Keempat, mereka yang telah menikah berarti telah menyempurnakan separuh dari agamanya karena memiliki tanggung jawab keluarga, bukan sekedar tanggung jawab sendiri seperti sebelumnya.

Rumah tangga dalam konteks ini merupakan komunitas terkecil dalam suatu masyarakat yang memiliki fungsi penting dan vital bagi kehidupan bersama. Allah SWT berfirman, "Wahai orang-orang yang beriman! Peliharalah dirimu dan keluargamu dari api neraka yang bahan bakarnya adalah manusia dan batu." (QS. At-Tahrim: 6).

Namun mengapa kadang-kadang pernikahan hanya seumur jagung? Mengapa pula kebahagiaan nikah hanya sebatas pada resepsi pernikahan? Mengapa percekcokan dan pertengkaran kerap mewarnai kehidupan rumah tangga?

Rasulullah SAW menjelaskan kepada kita empat kriteria yang menjadi sebab dan kecenderungan terjadinya pernikahan serta mengajarkan untuk mengutamakan satu dari empat kriteria tersebut, namun kita terkadang tidak mengindahkannya.

Rasulullah SAW bersabda, "Perempuan dinikahi karena empat perkara: hartanya, garis keturunannya, kecantikannya dan agamanya. Maka pilihlah yang memiliki pengetahuan agama yang baik, yang akan member keselamatan kepadamu."

Kedua, intervensi pihak lain dari mana pun asalnya tidak jarang menjadi penyebab retaknya rumah tangga. Biarkanlah suami-istri melakukan adaptasi, mengatasi masalah dengan caranya sendiri, membangun kebersamaan dalam suka dan duka, niscaya mereka akan menemukan solusi-solusi baru dalam memecahkan permasalahan yang ada.
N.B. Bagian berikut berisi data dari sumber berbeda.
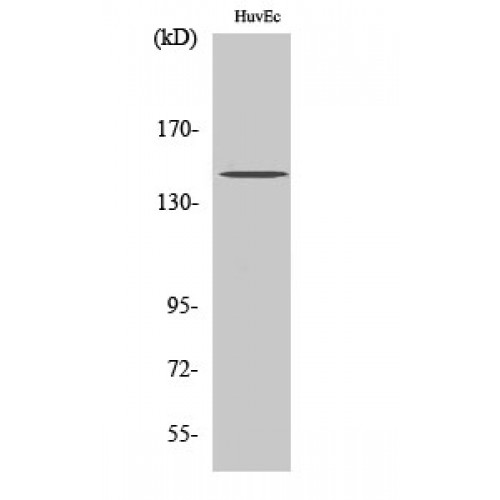 c-Met Antibody - Western blot of Phospho-Met (Y1234) antibody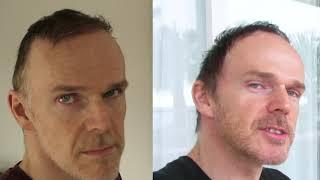 HAIR TRANSPLANT BEFORE AND AFTER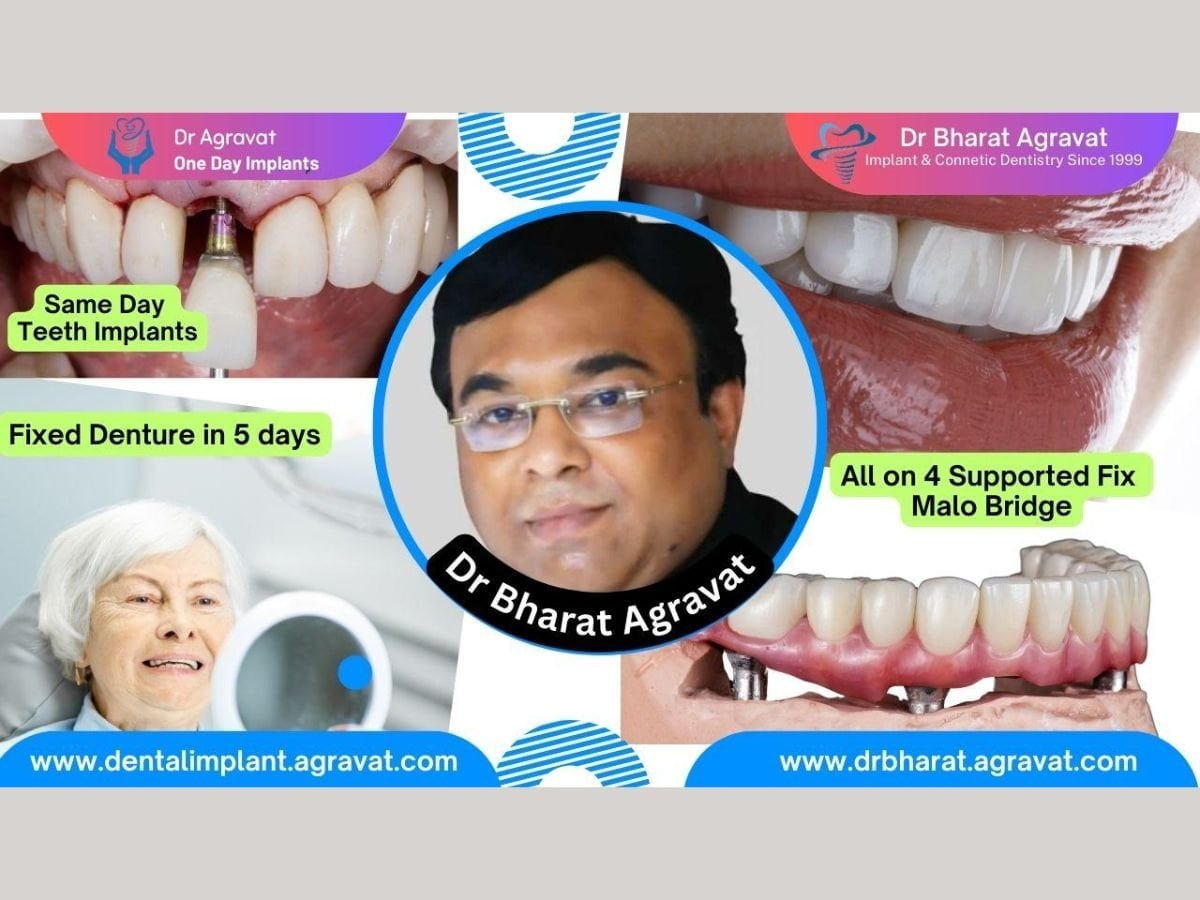 Best Dentist for Full Mouth Dental Implants Clinic in Ahmedabad: Dr. Bharat Agravat, the top Implantologist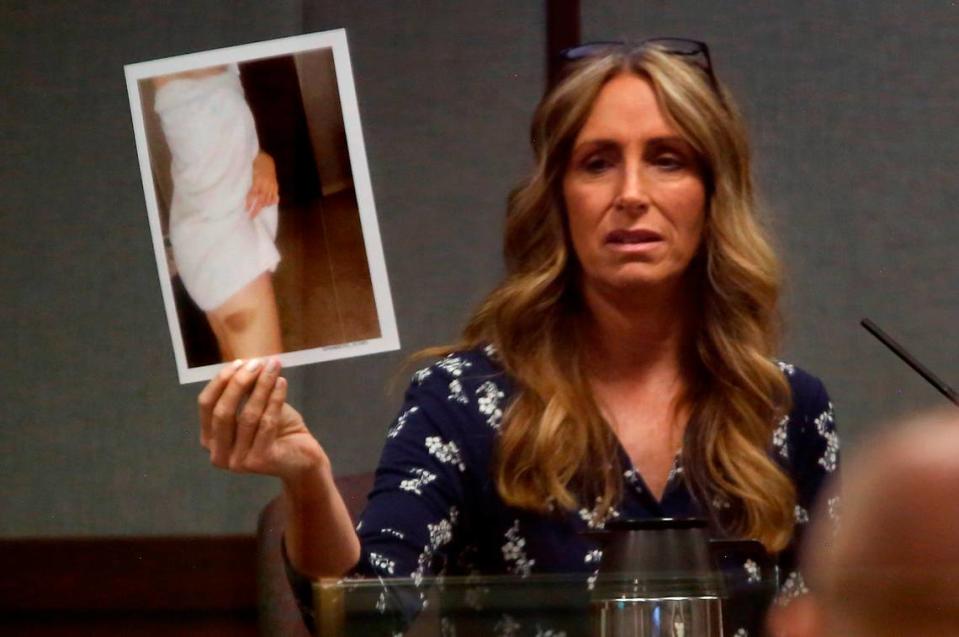 Stephanie Barnard, the ex-wife of Judge Sam Swanberg, holds up a photo for the jury showing a bruise she says he caused during a physical altercation. The judge was acquitted of domestic violence.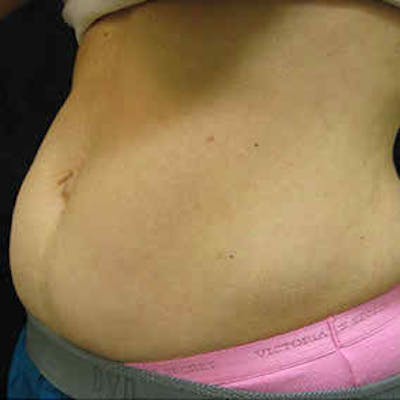 CoolSculpting Before & After Gallery - Patient 37499450 - Image 1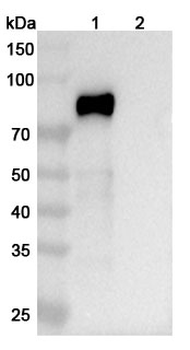 Lacutamab Human Monoclonal Antibody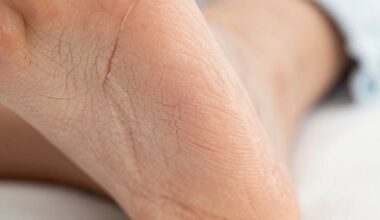 pažiūrėkite į savo kulnus, jei įtrūkę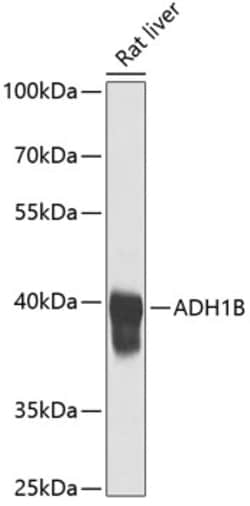 ABclonal Technology&nbsp;ADH1B Rabbit pAb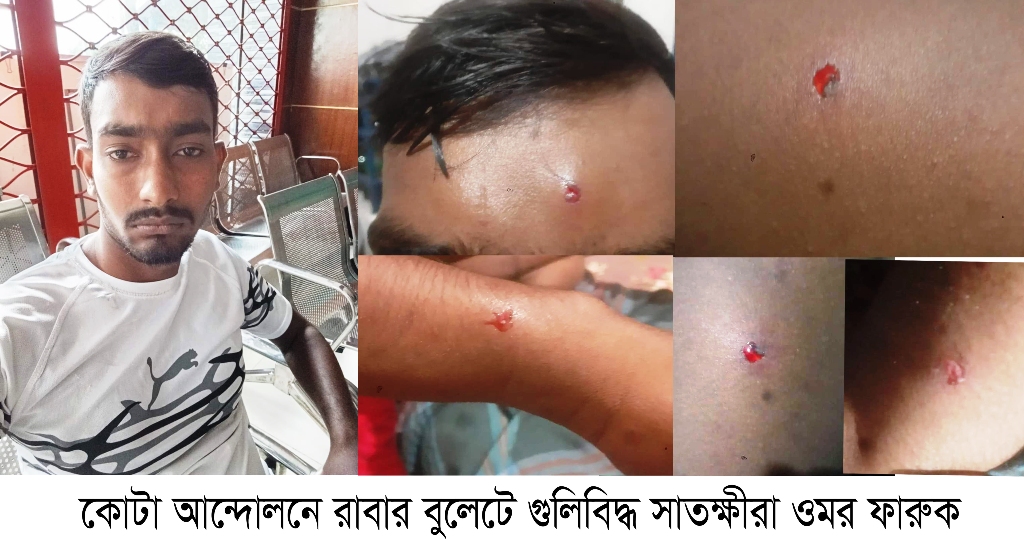 বৈষম্য বিরোধী আন্দোলনে গুলিবিদ্ধ ওমরকে বাঁচাতে সহযোগীতার আহবান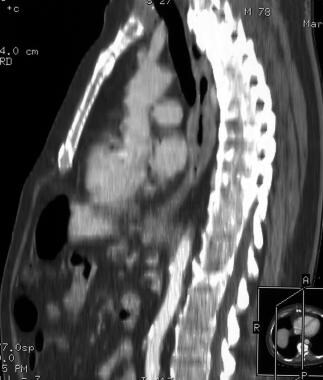 Sagittal reformatted chest CT scan demonstrates ma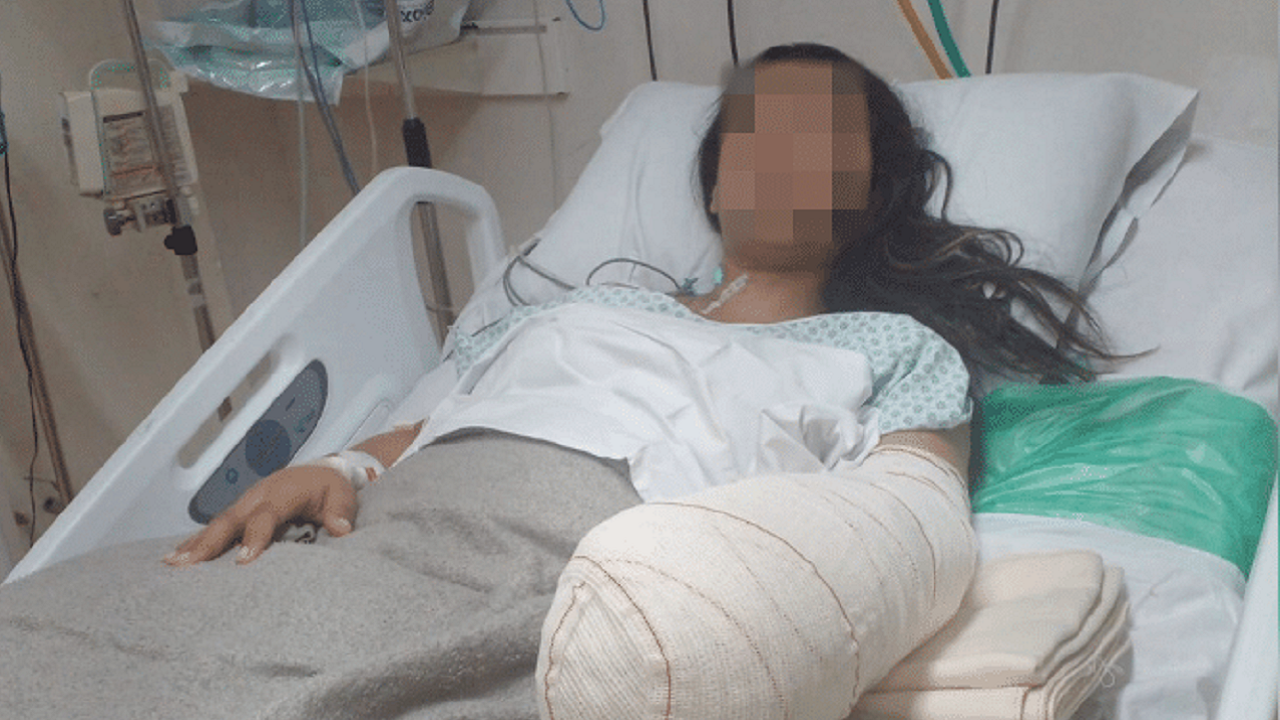 Após parto de terceiro filho, mulher tem braço e punho amputados em hospital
Ketiga, berusaha untuk saling mencintai dan menyayangi, menghormati dan mengalah, menjaga perasaan dan memuji, serta sikap-sikap mulia lainnya merupakan beberapa sikap yang dicontohkan Rasulullah SAW dalam menjadi kelanggengan kehidupan rumah tangga.

Demikianlah, pernikahan yang harusnya melahirkan kebahagiaan demi kebahagiaan, bukan kesedihan demi kesedihan karena ia berarti berjalan di atas fitrah kemanusiaan dan memenuhi perintah Tuhan. Wallahu a'lam.